Networking giant Cisco is gearing up to expand its Linux platform with a bunch of new hardware. But it won't be a success without developers to build more applications for the platform, so a little romancing is in order.
Cisco (NASDAQ: CSCO) is asking developers to instead think "inside the box" to create applications that will run on the Linux based Cisco AXP module. It's tossing in $100,000 in prize money just to keep it interesting.
Linux Application availability alone isn't the only thing Cisco is after. It's making sure the developer ecosystem has a revenue model that will keep Cisco and developers in the black.
"The model that we're looking for is something that results in a win-win situation for Cisco, partners and customers as well," Shashi Kiran, senior manager of network systems told InternetNews.com. "As a product we've been handholding applications that come on the AXP purely because there are support issues involved. It's very easy to get applications on the AXP," he said. But the hardening aspects of the platform, as well as making it deployable in customer networks are two key areas where Cisco wants more accountability, he added.
The Linux based AXP (Cisco Application eXtension Platform) is a module that can plug into a Cisco ISR router and, in effect, turn the router into a Linux application server. Since Cisco unveiled the AXP in April, it's built up an SDK (define) (software development kit) to aid in the development of AXP-ready Linux applications.
Now, Cisco is adding some more sugar with a "virtual emulated blade" for AXP application testing.

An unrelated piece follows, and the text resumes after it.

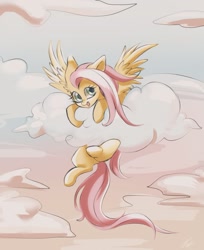 Size: 1127x1381 | Tagged: safe, artist:k_lash147, fluttershy, pegasus, pony, g4, cloud, colored, female, looking at you, mare, on a cloud, open mouth, open smile, sky, smiling, smiling at you, solo, spread wings, wings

The virtual emulated blade is a VMware Player that emulates the Linux operating system environment that runs on the AXP. The virtual blade will let people that want to develop for the AXP do so without the need to access to a physical module for testing, Kiran said.

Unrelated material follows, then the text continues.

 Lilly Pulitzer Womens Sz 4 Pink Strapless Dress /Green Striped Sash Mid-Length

Then there is the "Think Inside the Box" developer contest and how it fits into the plan to build application development on the AXP.

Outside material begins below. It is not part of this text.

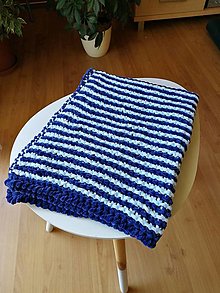 Detský textil - Ručně pletená žinylková deka pro miminko - pruhovaná  (Modrá) - 14252406_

"We're targeting the Linux community in particular and others in the open source community in general," Kiran said. Anyone over the age of 18 is welcome.
Though open source applications are welcomed by the Cisco contest, Kiran noted that it doesn't matter for the contest. "Cisco doesn't want to own the IP (intellectual property). As long as people can come up with an original idea, open source or otherwise we're OK with that."